2.3. Customer responsibilities. Customer will: (a) provide Juro with any reasonable access, information, and other cooperation Juro reasonably requires to provide the Services (for example, security access information and configuration information); (b) comply with applicable laws in connection with the Agreement; (c) obtain and maintain all licenses, consents and permissions necessary for Customer to access the Services; and (d) use reasonable efforts to prevent unauthorized access to, or use of, the Services. If Customer becomes aware of any unauthorized access or use, Customer will notify Juro promptly. If Customer fails to provide any necessary cooperation or otherwise prevents or delays Juro from performing its obligations under the Agreement, Juro is not in breach of the Agreement and is not liable to Customer for the delay or failure to perform the affected obligations.

2.4. Restrictions.
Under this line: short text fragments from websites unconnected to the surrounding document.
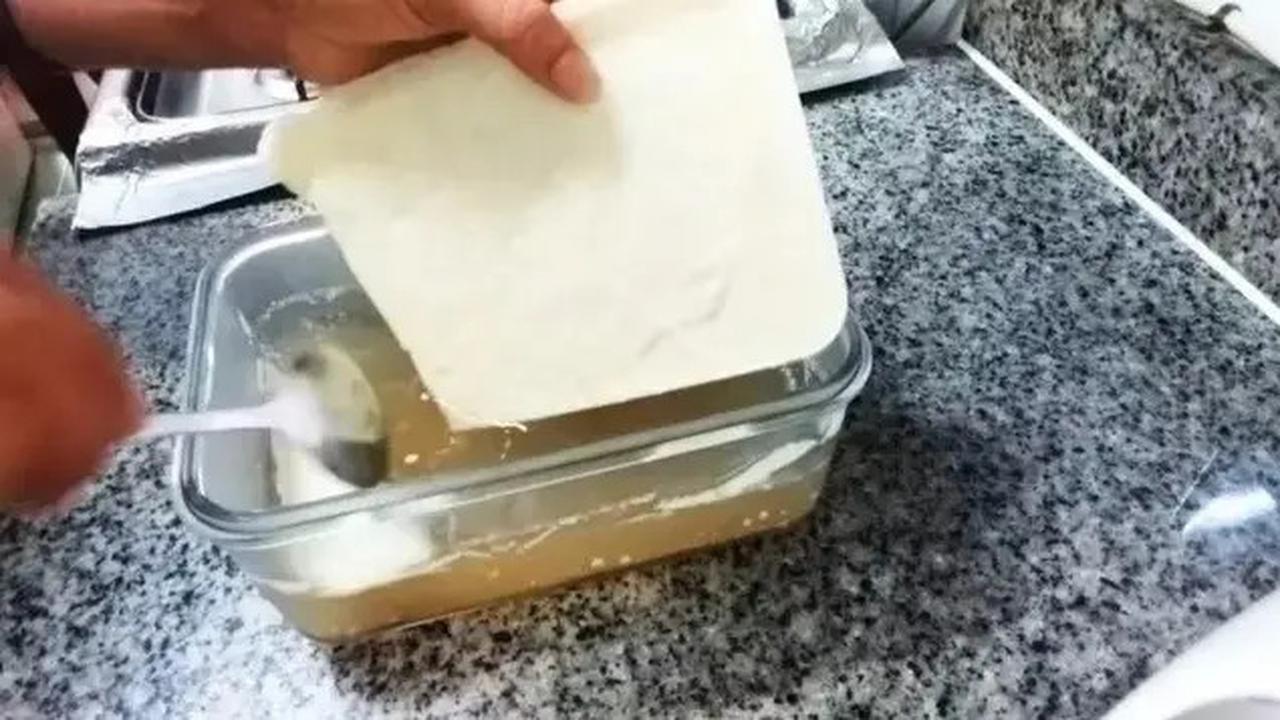 Cara Efektif Menghindari Kolesterol Tinggi dari Daging Sapi dengan Mudah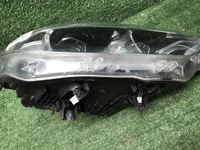 Фара правая BMW 3er F30 (2015-2020) LED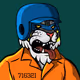 1158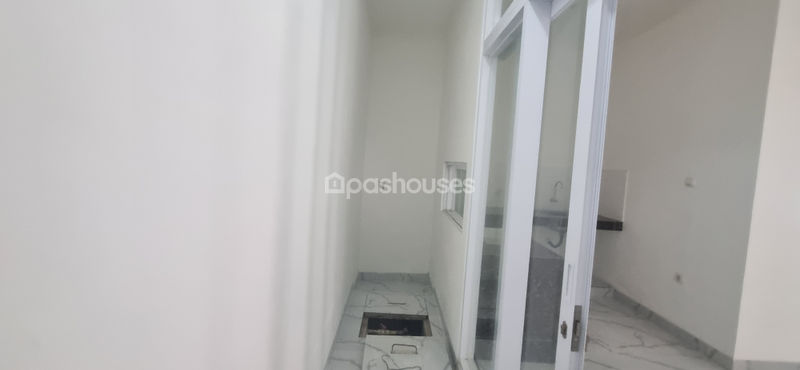 Miral 5 Residence Blok B17
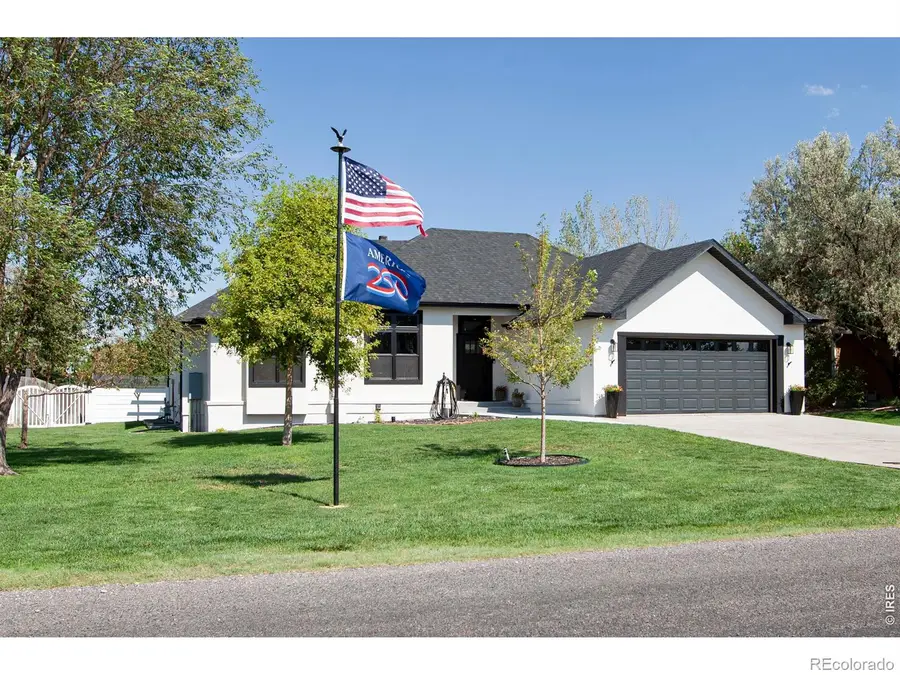 14178 Cottonwood Circle, Sterling, CO 80751 - #2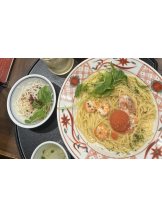 Ronno - ななの女の子ブログ画像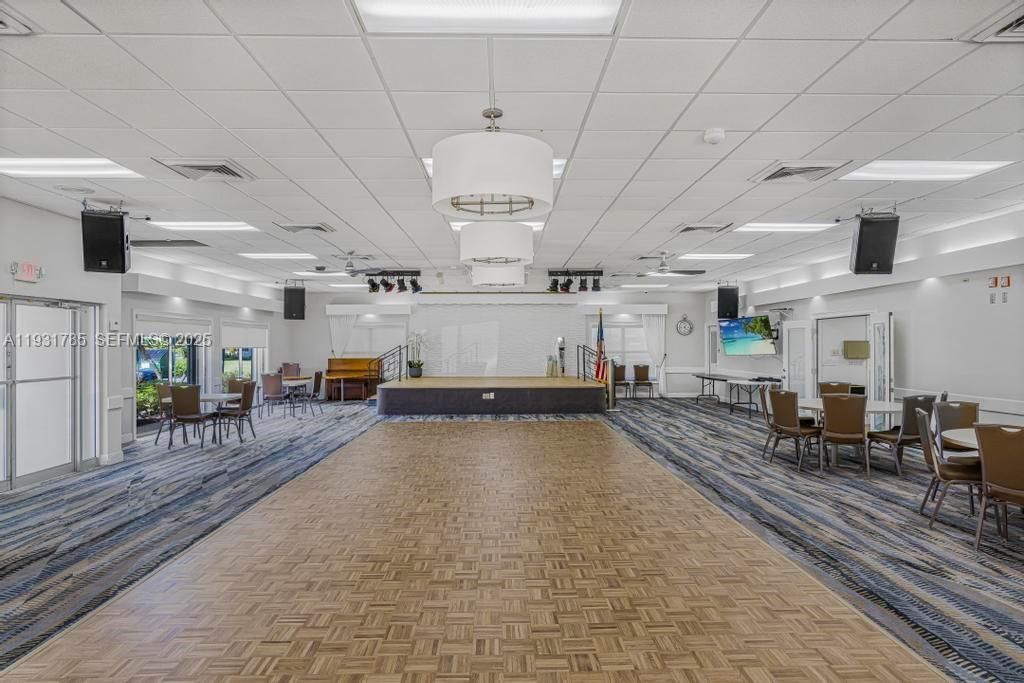 1541 NW 18th Ave, Unit 101, Delray Beach, FL 33445 Photo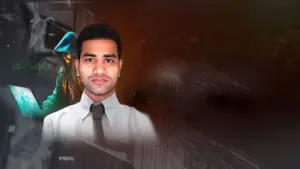 వెలుగులోకి రవి కస్టడీ రిపోర్ట్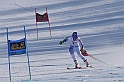 MAS_5936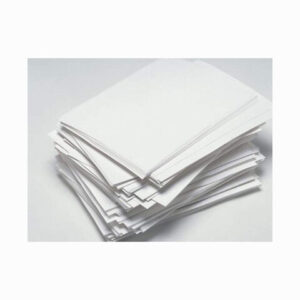 Manufacturers 70gsm 80gsm Print bond paper Long Size Draft Double White Printer paper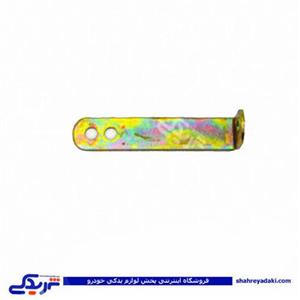 پراید بست تقویت باتری9000570583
Customer will not, and will ensure its users do not, directly or indirectly: (a) sell, lease, license, sublicense, or otherwise make the Juro Platform available to any third party or use the Juro Platform for any external or commercial purposes; (b) use manual or automated means to trawl, mine, scrape, frame, or mirror the Juro Platform, or attempt to copy or duplicate the Juro Platform; (c) decompile, disassemble, reverse engineer, or attempt to access the Juro Platform’s source code (except as permitted by applicable law), or use the Juro Platform to create any derivative works thereof or develop any competing offering; (d) upload, transmit, or submit any viruses, malware, or malicious code, or other harmful materials to the Juro Platform, or otherwise interfere with the operation of the Juro Platform; (e) attempt to gain any unauthorized access to the Juro Platform or any part thereof; (f) use the Juro Platform for any unlawful purpose or in an unlawful manner or for any unlawful purpose; (g) remove any trademark or copyright notices contained in the Juro Platform; (h) provide any false or misleading information or any information it does not have the right to provide; (i) store payment card information in the Juro Platform; or (j) perform any security or penetration testing, or benchmarking analysis, of the Juro Platform without Juro’s prior written consent. Juro may remove or disable Customer’s access to any material that does not comply with this paragraph.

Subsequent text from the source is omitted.